Il 12 febbraio è
iniziato presso l’aula bunker del carcere di Rebibbia il processo contro alcuni
militari latinoamericani che durante gli anni ‘70 hanno partecipato all’Operazione Condor. La maggior parte degli imputati sono già stati processati e
condannati in altri paesi, quindi l’udienza è più un risarcimento che una vera ricerca della verità.
Operazione Condor
La somiglianza
tra le dittature militari che hanno dominato il Sud America durante gli anni
'60 e '70 è atroce. Guidati dal sanguinoso filo conduttore dell'Operazione
Condor e grazie alle tecniche d’oppressione più spietate, sono state capaci di
annullare qualsiasi dissenso politico o ideologico. Dare una stima delle persone che sono state
giustiziate o torturate sarebbe tanto inesatto quanto terrificante.
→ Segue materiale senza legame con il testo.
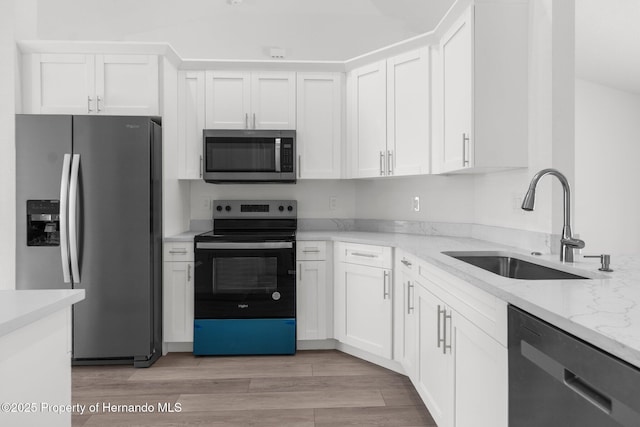 kitchen featuring appliances with stainless steel finishes, light stone counters, light wood-style floors, white cabinetry, and a sink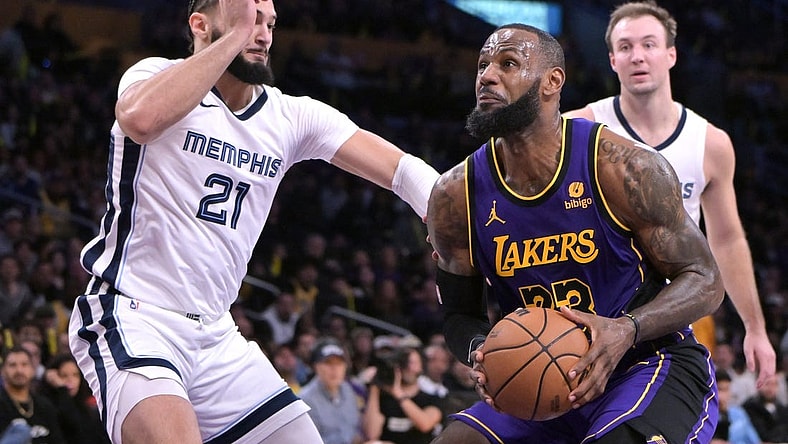 Jan 5, 2024; Los Angeles, California, USA; Los Angeles Lakers forward LeBron James (23) drives to the basket past Memphis Grizzlies forward David Roddy (21) in the first half at Crypto.com Arena. Mandatory Credit: Jayne Kamin-Oncea-USA TODAY Sports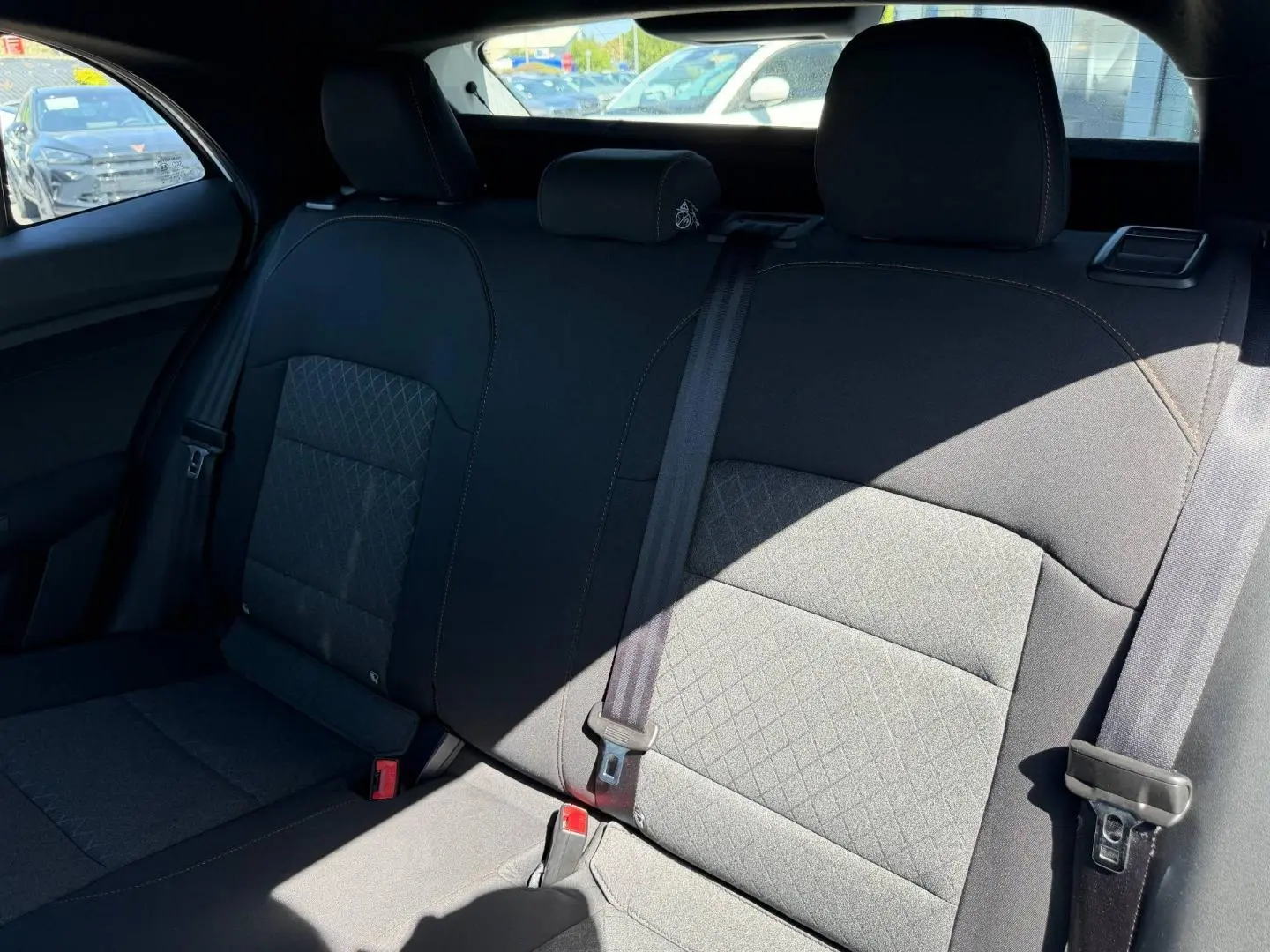 Vue intérieure de la banquette arrière en tissu noir du MG3 1.5 Hybrid+ 195ch Comfort, avec ceintures de sécurité visibles.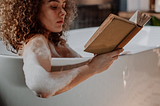 Woman relaxing in tub while reading a book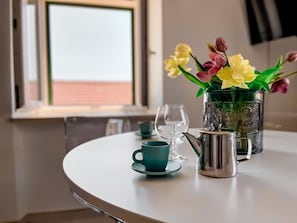 A round table with a teal cup and saucer, a glass pitcher, and a vase with yellow and pink flowers. - Central Apartment Bol (Bol)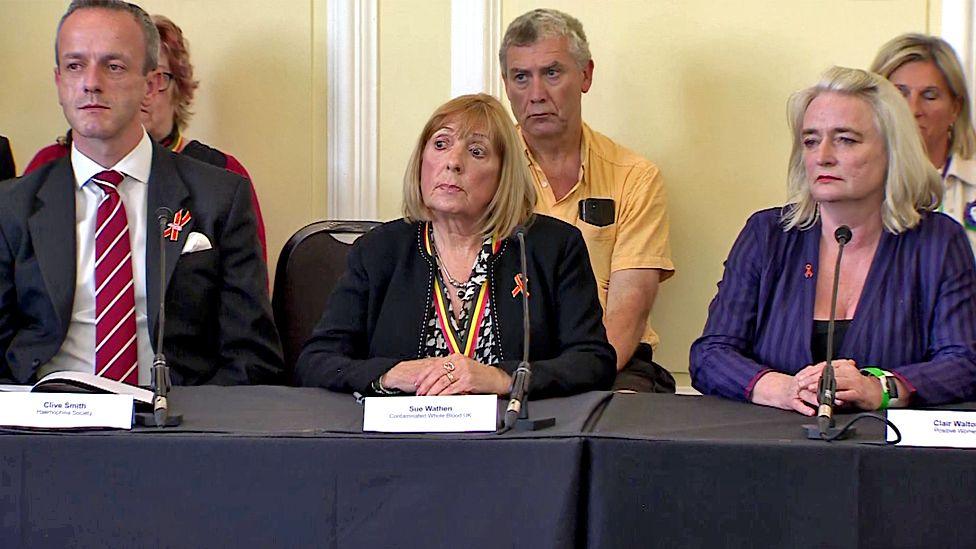 Victims of the infected blood scandal speaking at a press conference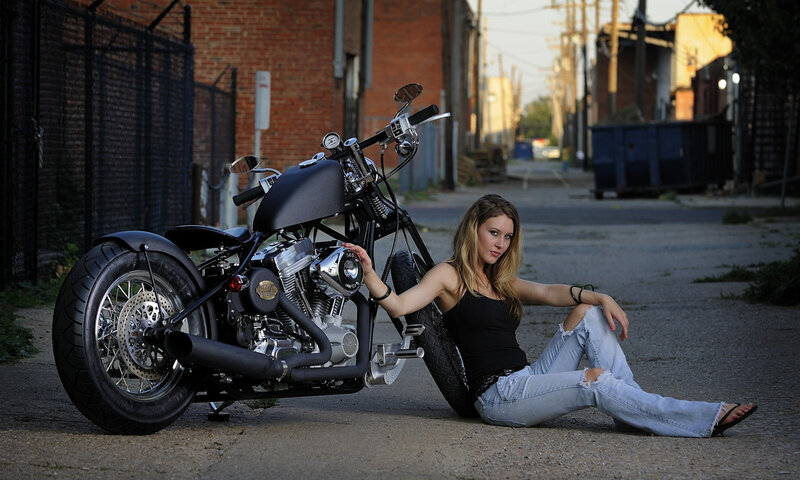 woman sitting with motorcycle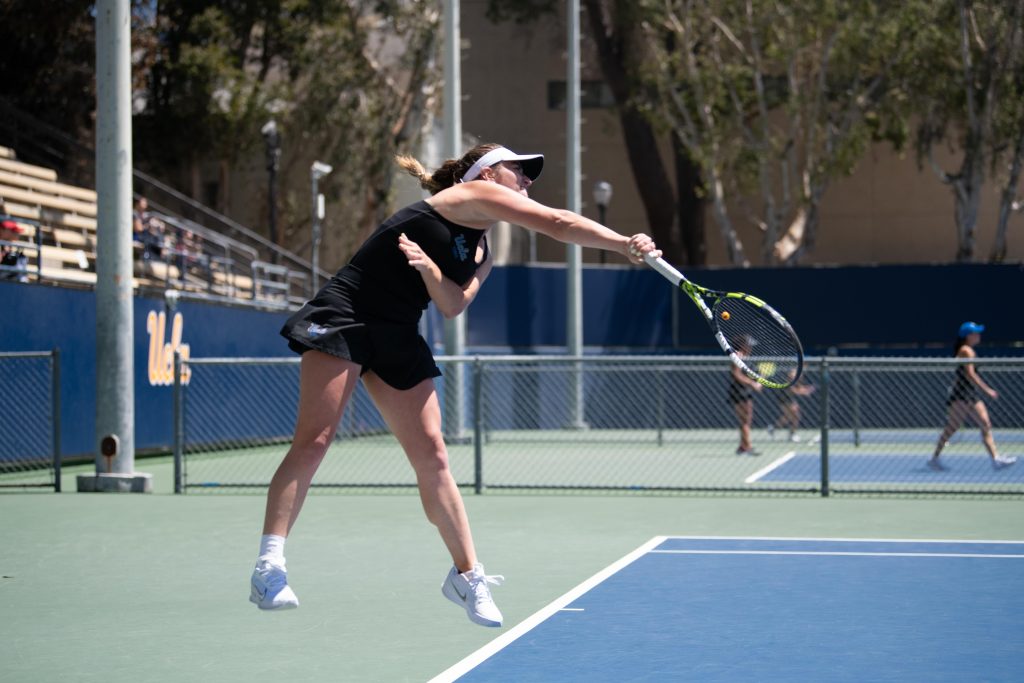 UCLA player swings racket as she serves the ball in.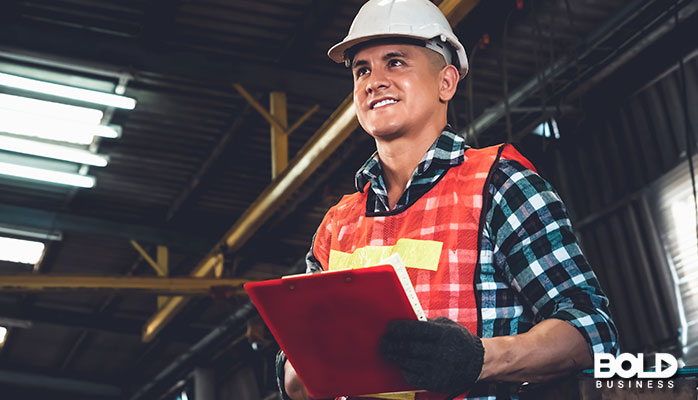An older factory worker dude in a hard hat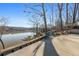 Backyard patio with a dock, hammock, and lake access at 405 Miller Rd, Covington, GA 30014
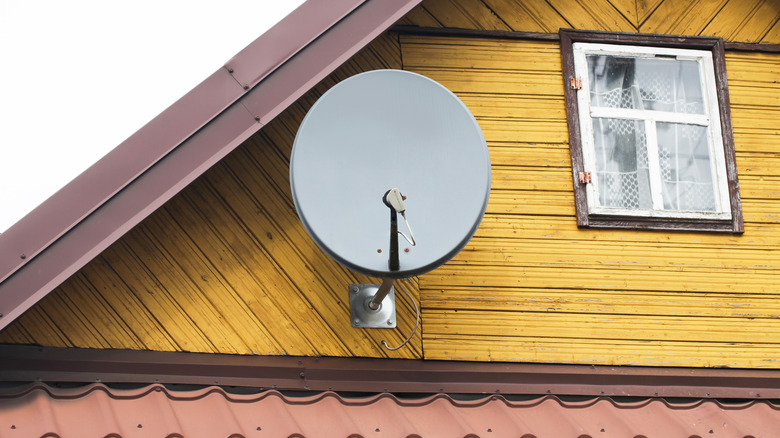 A satellite dish on a yellow home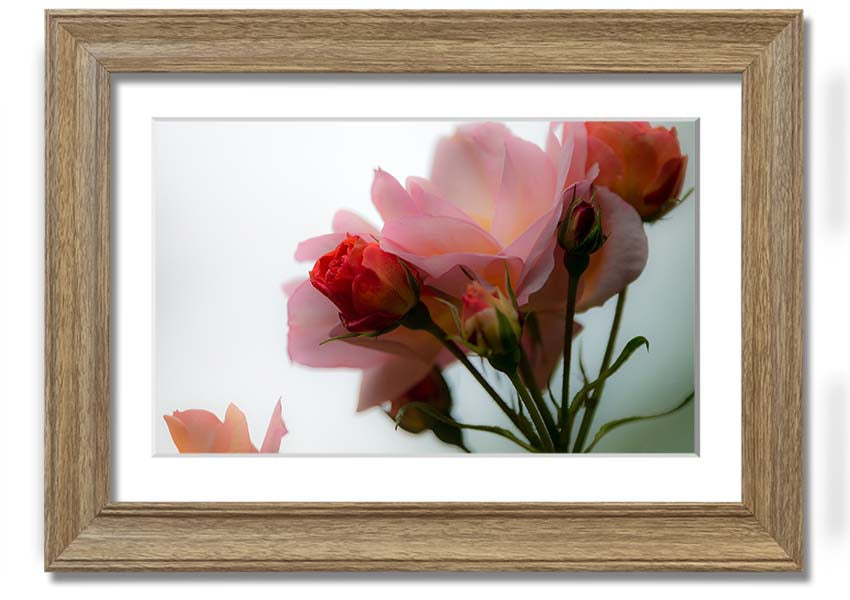 A beautifully framed print of an array of pink flowers, showcasing vibrant colors and intricate details, ready to hang on the wall.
È difficile camminare dentro il carcere di Rebibbia e non pensare di essere dentro
un fumetto di Zerocalcare. Ma questa mattina, mentre passeggio per questa felice
isola tra San Francisco e Pescara, non mi preoccupano nè gli zombie, ne gli
armadilli, ma il confine tra la giustizia
e la vendetta.
È, anche, molto
simile il modo in cui ciascuno dei paesi colpiti ha rivisto i fatti, anni dopo
la fine della dittuatura. La lotta delle famiglie delle vittime ha fatto in
modo che ogni paese, ognuno a tempo debito, abbia processato e condannato gli
autori di tali crimini.
Sicuramente
l'icona di questa lotta sono le Madri di
Plaza de Mayo argentine. Ma altre madri, senza velo, hanno combattuto
instancabilmente per anni in Cile, Perù, Bolivia e Uruguay, per una giustizia
che sembrava irraggiungibile. Per fortuna, dopo molti anni, questa giustizia
sta arrivando.
Il processo
Quando raggiungo
l'imponente carcere romano, il mio pensiero va agli avvocati difensori dei
torturatori. Solo uno degli imputati vive in Italia, il che vuol dire che gli altri
non saranno presenti alla prima udienza. Deve essere difficile difendere
l'innocenza di coloro che hanno commesso tali crudeltà. Ma sicuramente sarà una
sfida eccitante anche dal punto di vista giuridico.
Inoltre non
posso fare a meno di pensare ai: parenti ed amici delle 23 persone scomparse
tra il ‘73 e il ‘78 che avevano la cittadinanza italiana. La maggior parte
degli imputati sono già stati processati e condannati in altri paesi, perciò
quest’udienza è più un risarcimento che una vera ricerca della verità. In
effetti, la validità giuridica è relativa, in quanto si limita a vittime che
avevano la cittadinanza italiana. Perciò ho i miei dubbi sul fatto se la
sessione sia intesa come una ricerca di giustizia oppure come mera ricerca di
vendetta da parte dell'accusa.
In una delle
sale adiacenti al bunker vedo una donna con caratteristiche andine, suppongo
sia lì per il processo e le domando: “Mi scusi, sa se è già iniziato il
processo?” Lei mi guarda e risponde, con italiano perfetto: “Il processo c’è stato 40
anni fa, ormai lo stiamo solo correggendo.”
Ho capito di più
le rughe delle sue mani che le sue parole e mi sono reso conto che, forse,
queste persone non cercano nè la giustizia nè la vendetta, ma la libertà.